My grandfather
Many families avoid talking about feelings. They distract with humour, talk sports, drink booze or just avoid each other when emotions are strong. Solitude can be your only companion when terrible things happen. While it’s tempting to call on a family member at times like this, you just know you’re not going to get that support you need.
As I wrote in an early post, parents raised with this awkwardness around feelings often pass these avoidance behaviours onto their children, and those children grow up to parent their children in the same way. It’s a cycle that leads to a lot of migraines, drug/alcohol dependency, ulcers and autoimmune illnesses.
When my dad died in 2008, a family friend wrote that he was a person who often sensed what another person was feeling without saying anything. I never saw Dad cry. The loss of his sister in 2000 must have been huge. I remember him comforting me as I cried over her body at the hospital. He kept it together, as they say.
My mother always described herself as a woman who doesn’t cry, and I certainly never any evidence to prove otherwise — not when her sister, mother or even her own husband died. I know the loss of her father must have been immense, and that happened in 1940, when Mom was in her last year of high school. Mom seemed to adore her father, who was in his seventies, and nearly three decades older than her mother. His death followed an illness of several weeks, much of which he spent in hospital on the mainland.
He died at 10 pm on Oct, 5, 1940. Mom went to bed that night feeling unsettled. In her diary, she wrote: “I think something is wrong, cause I can’t pray for Daddy as I should.”

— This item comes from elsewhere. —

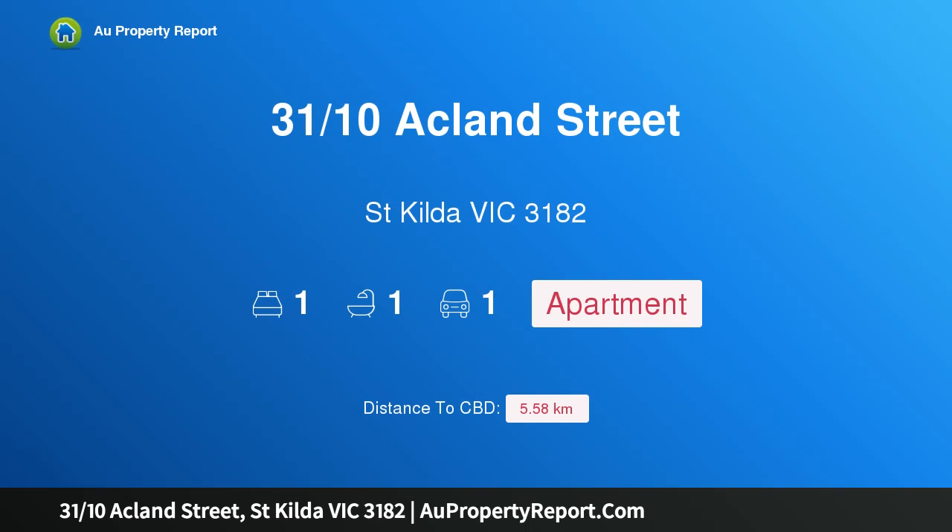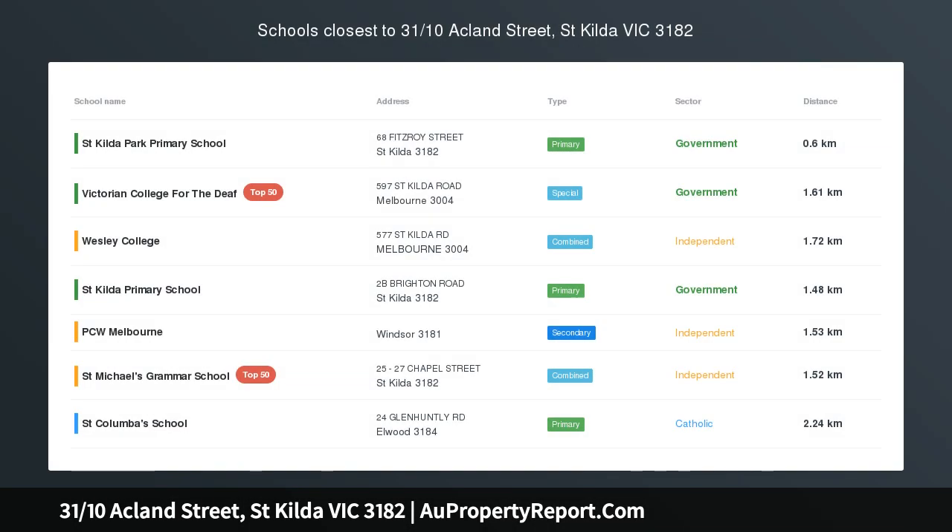Hi, I am glad to introduce property 31/10 Ackland Street, St Kilda Victoria 3182, Vogue Plus.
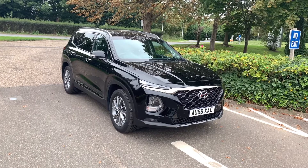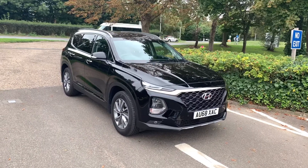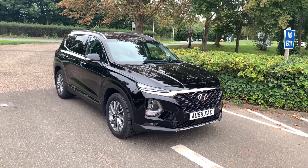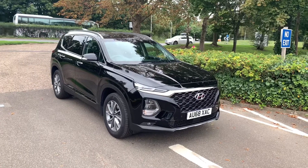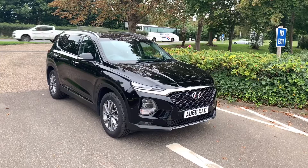Hello and welcome to Smith Hyundai in Peterborough. We have here our 2018 Santa Fe Premium. This is a one-owner car with a full Hyundai history. Being a premium model, you get adaptive cruise control, sat-nav, and front and rear sensors. Let's take a look.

The next day, word came that he had died — Mom wrote that knew without being told. Then a few days later, she wrote about seeing her father’s body at the funeral parlour. “I’ll never forget how good his soul was, and is, for it will always be my inspiration.”
I have no way of knowing if she cried, but she doesn’t make note of her or anyone in the family expressing their grief through tears. Maybe that loss was just so great, she couldn’t bring herself to release the grief. I don’t know. What I do know is she was always uncomfortable when, as a child, I cried. I suffered from headaches and depression while still very young. I learned to find peace by being alone.
I often weep when I lose a pet, but not always. Sometimes I just go through days of shock and dissociation with reality. After a while, tears just don’t come that easily. It takes seeing another person crying to get me feeling that lump in my throat. Crying is infectious. I see why families who prefer stoicism to emotional release banish the criers. It’s like crying is the worst thing you can do. Some don’t understand that all that buried emotion doesn’t go away — it smoulders down deep in your body and makes you sick.